Los Descendientes: La tragicomedia de lo cotidiano

Los acontecimientos más comunes de la existencia van pasando uno por uno hasta que se ven interrumpidos por una mala noticia, una muerte, un engaño, un despido o la simple y absorbente soledad. Evidentemente esto es una forma muy negativa de ver la vida ya que también ocurren cosas buenas, pero eso no le interesa tanto a Alexander Payne. El director americano está prendado por la cotidianidad del drama, al que siempre dota, por cierto, de un acompañante de lujo, un afilado sentido del humor.

 

Los Descendientes

 

Comedia y drama o la inexorable mezcla de ambas. Alexander Payne es un experto en llevar a la excelencia la tercera opción. Un poquito más serio que en Entre Copas, Payne coloca al protagonista de Los descendientes al borde de una situación frustrante en medio de un momento de transición vital. Con un tono negruzco y cercano a aquella road movie titulada A propósito de Schmidt, donde un portentoso Jack Nicholson reflejaba el patetismo humano con ternura y mucha comicidad, el realizador profundiza en la pesada responsabilidad de un adulto envuelto en dos combates internos.
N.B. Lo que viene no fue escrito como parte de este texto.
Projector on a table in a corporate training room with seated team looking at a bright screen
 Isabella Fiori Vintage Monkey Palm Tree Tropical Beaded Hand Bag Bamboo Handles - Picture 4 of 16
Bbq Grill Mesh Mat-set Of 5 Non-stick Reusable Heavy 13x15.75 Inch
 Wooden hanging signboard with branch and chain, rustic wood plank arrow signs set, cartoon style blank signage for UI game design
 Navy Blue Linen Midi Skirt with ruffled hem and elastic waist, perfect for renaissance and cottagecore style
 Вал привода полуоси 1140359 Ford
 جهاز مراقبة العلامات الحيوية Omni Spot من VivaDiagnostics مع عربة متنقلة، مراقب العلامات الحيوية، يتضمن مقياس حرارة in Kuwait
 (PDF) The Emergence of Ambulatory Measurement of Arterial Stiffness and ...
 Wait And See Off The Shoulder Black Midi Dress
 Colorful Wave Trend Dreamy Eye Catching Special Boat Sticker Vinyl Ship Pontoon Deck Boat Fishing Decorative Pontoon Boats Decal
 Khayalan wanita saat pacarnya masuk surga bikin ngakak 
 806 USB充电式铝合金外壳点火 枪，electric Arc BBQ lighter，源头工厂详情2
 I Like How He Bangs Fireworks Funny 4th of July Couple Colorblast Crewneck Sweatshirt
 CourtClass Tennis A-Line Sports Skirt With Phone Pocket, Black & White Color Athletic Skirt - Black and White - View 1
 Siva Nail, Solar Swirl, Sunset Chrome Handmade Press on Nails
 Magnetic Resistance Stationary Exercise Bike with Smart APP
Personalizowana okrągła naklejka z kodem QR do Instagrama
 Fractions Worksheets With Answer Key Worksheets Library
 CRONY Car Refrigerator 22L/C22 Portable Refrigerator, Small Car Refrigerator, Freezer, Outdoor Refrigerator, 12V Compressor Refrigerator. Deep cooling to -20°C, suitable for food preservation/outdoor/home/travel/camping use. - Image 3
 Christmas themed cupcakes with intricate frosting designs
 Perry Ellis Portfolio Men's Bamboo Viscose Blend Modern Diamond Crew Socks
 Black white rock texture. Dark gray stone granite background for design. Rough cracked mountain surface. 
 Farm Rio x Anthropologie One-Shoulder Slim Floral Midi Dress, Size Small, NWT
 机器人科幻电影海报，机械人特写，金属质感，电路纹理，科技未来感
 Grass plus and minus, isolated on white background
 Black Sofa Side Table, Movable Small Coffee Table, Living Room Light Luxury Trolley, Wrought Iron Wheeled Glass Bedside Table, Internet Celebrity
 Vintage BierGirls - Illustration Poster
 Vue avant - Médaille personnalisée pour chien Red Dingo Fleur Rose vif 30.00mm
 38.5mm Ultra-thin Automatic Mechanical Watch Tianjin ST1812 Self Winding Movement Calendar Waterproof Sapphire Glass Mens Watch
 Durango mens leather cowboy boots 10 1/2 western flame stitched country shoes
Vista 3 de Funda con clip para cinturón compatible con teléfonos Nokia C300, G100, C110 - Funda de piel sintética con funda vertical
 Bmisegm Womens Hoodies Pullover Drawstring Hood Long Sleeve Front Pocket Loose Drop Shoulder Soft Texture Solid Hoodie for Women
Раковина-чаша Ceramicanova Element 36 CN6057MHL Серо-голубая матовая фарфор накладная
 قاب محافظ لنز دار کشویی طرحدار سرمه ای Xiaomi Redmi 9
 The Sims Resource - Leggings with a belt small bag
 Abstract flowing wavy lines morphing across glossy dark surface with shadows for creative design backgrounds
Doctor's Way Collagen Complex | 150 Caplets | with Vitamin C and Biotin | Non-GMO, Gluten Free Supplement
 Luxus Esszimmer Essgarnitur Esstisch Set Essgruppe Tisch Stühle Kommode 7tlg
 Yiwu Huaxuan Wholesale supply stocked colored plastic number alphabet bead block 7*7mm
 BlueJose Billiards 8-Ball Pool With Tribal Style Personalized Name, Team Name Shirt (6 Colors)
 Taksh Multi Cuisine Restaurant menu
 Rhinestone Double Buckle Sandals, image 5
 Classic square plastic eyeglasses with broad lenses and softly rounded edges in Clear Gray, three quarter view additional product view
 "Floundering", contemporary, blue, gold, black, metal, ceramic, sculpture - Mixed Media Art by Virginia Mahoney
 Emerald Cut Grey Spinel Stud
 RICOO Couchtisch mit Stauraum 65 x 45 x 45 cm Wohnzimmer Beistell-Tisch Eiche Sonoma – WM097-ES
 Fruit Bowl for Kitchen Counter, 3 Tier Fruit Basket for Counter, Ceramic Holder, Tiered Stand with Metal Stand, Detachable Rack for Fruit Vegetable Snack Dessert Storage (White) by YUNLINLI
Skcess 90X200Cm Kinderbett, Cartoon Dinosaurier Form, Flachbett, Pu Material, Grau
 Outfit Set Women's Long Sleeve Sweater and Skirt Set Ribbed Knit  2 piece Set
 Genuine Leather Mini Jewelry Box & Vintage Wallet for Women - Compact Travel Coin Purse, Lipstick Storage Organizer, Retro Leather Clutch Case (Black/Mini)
Uno de ellos es afrontar el engaño de su mujer, que además está en coma y la educación de dos hijas con un comportamiento poco ortodoxo. Y el otro es decidir qué hacer con unas tierras heredadas mientras decenas de primos esperan con ansia  su determinación.

 

La trama se desarrolla por los rincones más vulgares de un paraíso llamado Waikiki, en Hawai, una isla donde puedes elegir entre el lujo vacacional o la rutina más exasperante. El archipiélago no es ni más ni menos que un reflejo de la dualidad interna a la que se somete el protagonista, Matt King. Su voz en off nos introduce en su universo, con su mujer en coma y su inexperta paternidad tiritando ante el desafío de educar a sus irreverentes hijas.

 

Los Descendientes

 

Alexander Payne realiza una tragicomedia excelente sobre la muerte, el amor, el engaño, los hijos, la familia y la naturaleza. Sobre la vida. Pero es George Clooney quien eleva Los descendientes a la categoría de película imprescindible. El hombre que durante tantos años fue catalogado como el ser más atractivo del planeta se pone camisas horteras y ridículos bermudas para interpretar al tipo más común que te puedas echar a la cara. Y lo consigue. De hecho, consigue que un personaje simplón sea un ser excepcional. Únicamente necesita su sonrisa. Clooney se siente cómodo con la comedia, sus gestos, sus miradas o su forma de correr son gags por sí solos en esta película. Sin embargo, la emoción no se desata en el espectador hasta que Clooney se cabrea, llora o grita. Un trabajo soberbio.

 

Su huida a otras islas del archipiélago no sería ni la mitad de intensa sin sus dos hijas, la pequeña, que no termina de asimilar el drama, y la mayor, interpretada por la brillante Shaliene Woodley, que empieza siendo una adolescente introvertida y borde y acaba por convertirse en el apoyo principal de su padre. A este trío hay que añadirle el amigo de ésta última, un adolecente torpe e insensible con un fondo, sin embargo, bastante más complejo de lo esperado.

 

La obra de Payne es redonda, sencilla sólo en apariencia. Los descendientes camina por la tristeza más amarga, la del arrepentimiento, pero también aporta toques de un humor inteligente y universal. Un nudo en el estómago, una carcajada limpia y una sensación de pérdida. El talento de Alexander Payne.